I am dealing with a question requiring me to prove that if $f,g\in L_{2}$, then the convolution is defined everywhere, bounded, and continuous. Moreover, it will converge to $0$ as $|x|\rightarrow\infty$.
I have nearly proved everything except for the last one.
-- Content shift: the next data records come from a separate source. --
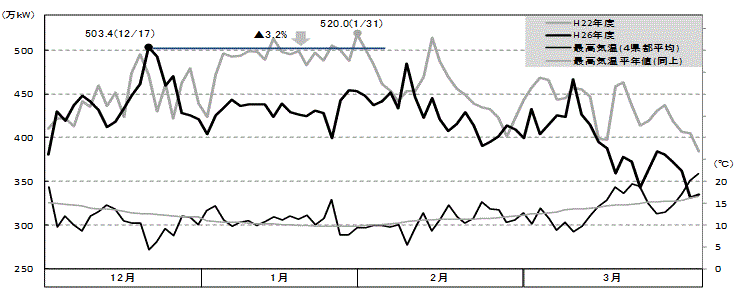 最大電力の推移（土日祝日、年末年始を除く）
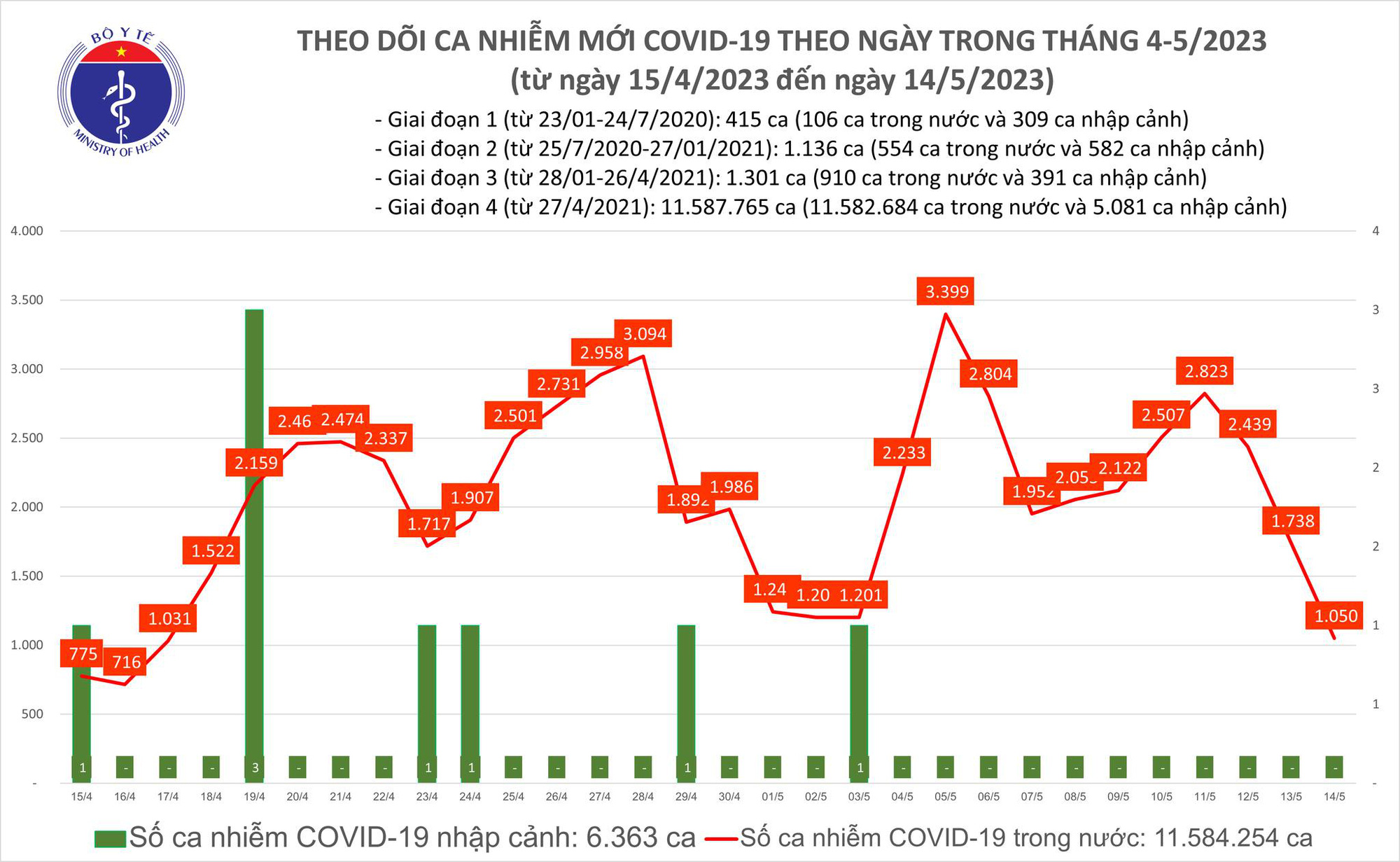 Ngày 14/5, cả nước ghi nhận thêm 1.050 ca mắc COVID-19 - Ảnh 2.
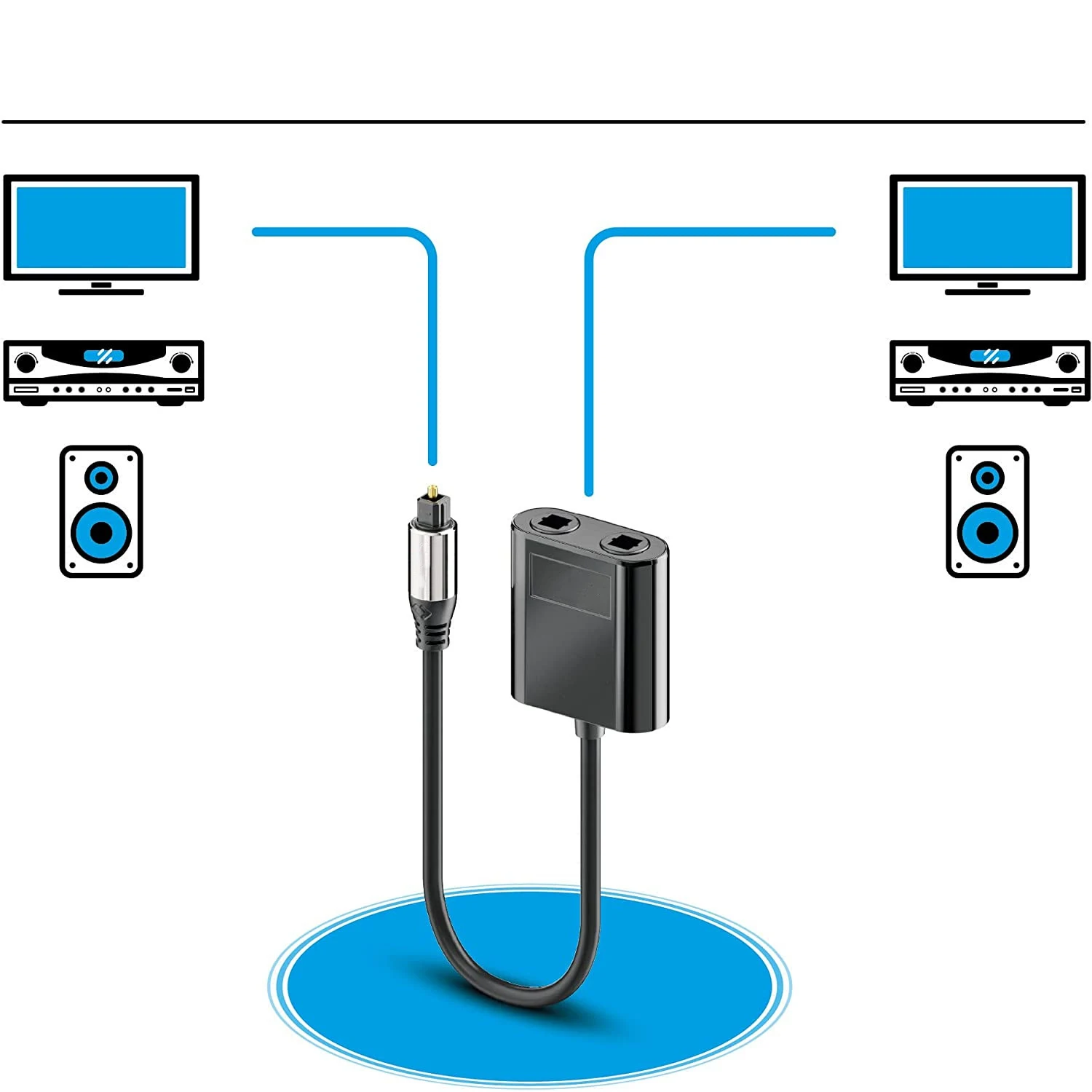 1 Male Input to 2 Female Outpu - Audio Music Splitter ulasan dan harga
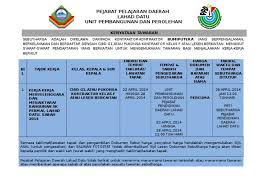 Membantu memudahkan syarikat anda dalam memperbaharui lesen cidb serta menaiktaraf kod bidang Iklan Sebutharga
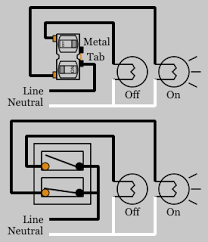 The toggle switch is a switch that can play crucial switching roles in circuits. Duplex Switches Electrical 101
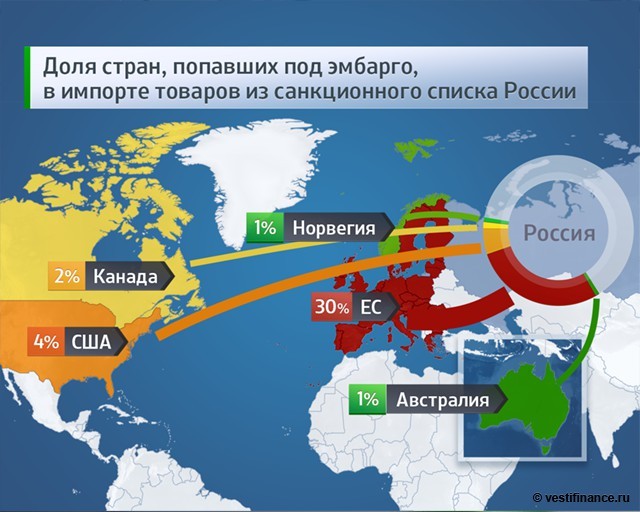 Уроки истории: санкции спасают Россию? Уроки истории: санкции спасают Россию?
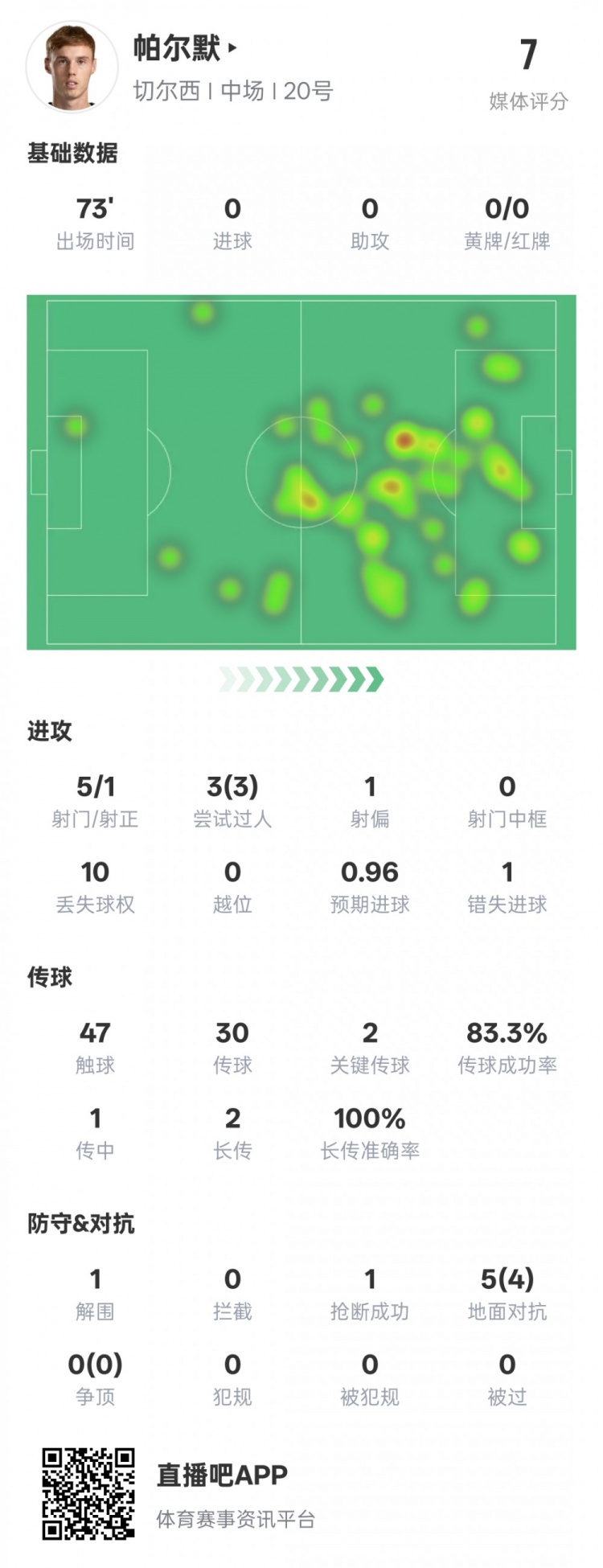 帕爾默本場數(shù)據(jù)：1失點3次過人均成功2關鍵傳球，評分7.0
Here is my proof for being defined everywhere, boundedness, and continuity.
Firstly, recall the convolution of $f$ and $g$, $$f*g(x):=\int f(x-y)g(y)dy$$ Then as $f\in L_{2}$ and $g\in L_{2}$, and $1/2+1/2=1$, by Holder, we know that $fg\in L_{1}$, and $$|f*g(x)|\leq\int|f(x-y)g(y)|dy\leq\|f(x-y)\|_{2}\|g(y)\|_{2}=\|f(y)\|_{2}\|g(y)\|_{2}<\infty$$
The last equality is by translation invariance and reflection invariance.
Therefore, $|f*g(x)|$ is defined everywhere and bounded.
Now for continuity, let $x,z\in\mathbb{R}$, then consider $$|f*g(x)-f*g(z)|=\Big|\int f(x-y)g(y)dy-\int f(z-y)g(y)dy\Big|$$ $$\leq\int|g(y)(f(x-y)-f(z-y))|dy$$ $$\text{now by Holder and by translation invariance and reflection invariance}$$ $$\leq\|g\|_{2}\Big(\int|f(x-y)-f(z-y)|^{2}\Big)^{1/2}=\|g\|_{2}\Big(\int|f(-y)-f((z-x)-y)|^{2}\Big)^{1/2}$$ $$=\|g\|_{2}\Big(\int|f(y)-f(y-(z-x))|^{2}\Big)^{1/2}=\|g\|_{2}\|f_{h}(y)-f(y)\|_{2}\ \text{where}\ h=z-x$$
Therefore, by the translation continuity property, we know that $$\|f_{h}(y)-f(y)\|_{2}\rightarrow 0\ \text{as}\ z\rightarrow x$$
It follows immediately that $$|f*g(x)-f*g(z)|\rightarrow 0\ \text{as}\ x\rightarrow z$$.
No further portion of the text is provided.